She made an impatient movement of her head. “I know,” she said, “that there is no truth in that story.” She moved a little away from him; she was becoming oppressed by his still earnestness.
“Isn’t it any proof to you that I hadn’t the wits nor the education to make the book?” His words were wistful.
She sat down on the sill of the open window, the only seat in the room, and looked out on the moist earth.
“I guess you want to get rid of me,” he said, “but I can’t go till I know how it is with you, for I’ve been wrestling in prayer this night concerning you.” Then after a minute he said, “Our brother gave you the money that he found on the person of your husband’s murderer?”
“I paid it into the treasury.”
“But if you don’t believe, maybe you are thinking of going east?”
“Do you think I could use the price of my husband’s blood for that? It is not for me to know whether the avengers of blood are right or wrong in a land where there is no law, but the money belonged to your Church.”

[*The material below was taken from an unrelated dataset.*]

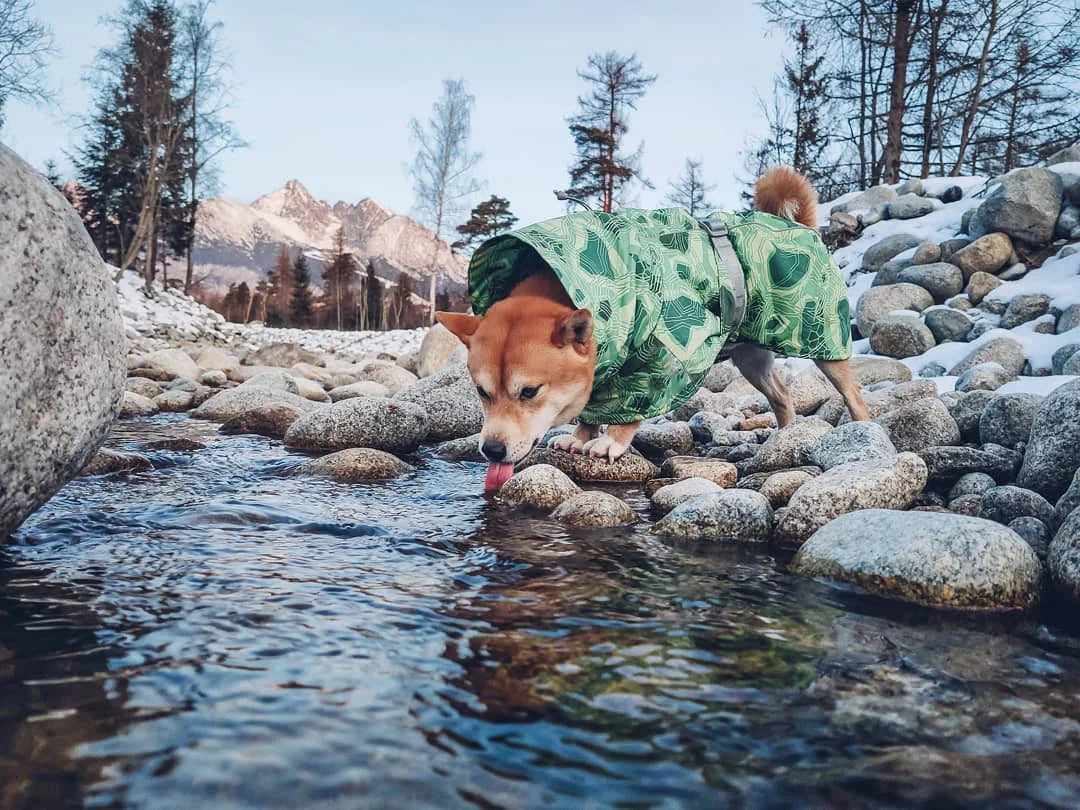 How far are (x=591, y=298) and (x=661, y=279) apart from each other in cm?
70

He looked at her as one who has made a study of a certain class of objects looks at a fine specimen, as a jeweller looks at a gem of the first water. This man, with the genius for priesthood, was a connoisseur in souls. “Emmar wouldn’t have thought it no harm to keep the money the Danites gave her,” and he added more reflectively, “nor would I.” There was admiration in his tones.
He came a step nearer now. “If you went east who have you to go to? Your uncle, he’s dead.”
Susannah started. “How do you know?”
His manner was pitying. “I saw it last night in the way I see things, in my visions, but Emmar she heard from some of the Saints that came from Palmyra that your uncle was sick unto death, and last night the Lord told me he was dead.”
She rose up suddenly. She had known too many instances of this man’s curious knowledge of distant events to think of doubting. Her first thought was that if Ephraim was in this trouble she must go to him at once.
“Your aunt will be awful jealous of your cousin now she’s only got him.”
Then under Smith’s pitying glance Susannah shrank from the first impulse to go. She felt that there was something within her that merited his pity. She could not rush to Ephraim without invitation, because it was not for his sake but for her own she wanted to go. She believed that Smith knew it. She felt thankful, as he had dared to accuse her of not loving her husband, that he had the kindness not to accuse her of this. A certain awe of Smith came over her; he could be violent with those who were violent, coarse and jocular with his public who could be worked upon thus, but to her he spoke delicately, and he had shown her at times before this that he knew her better than she knew herself.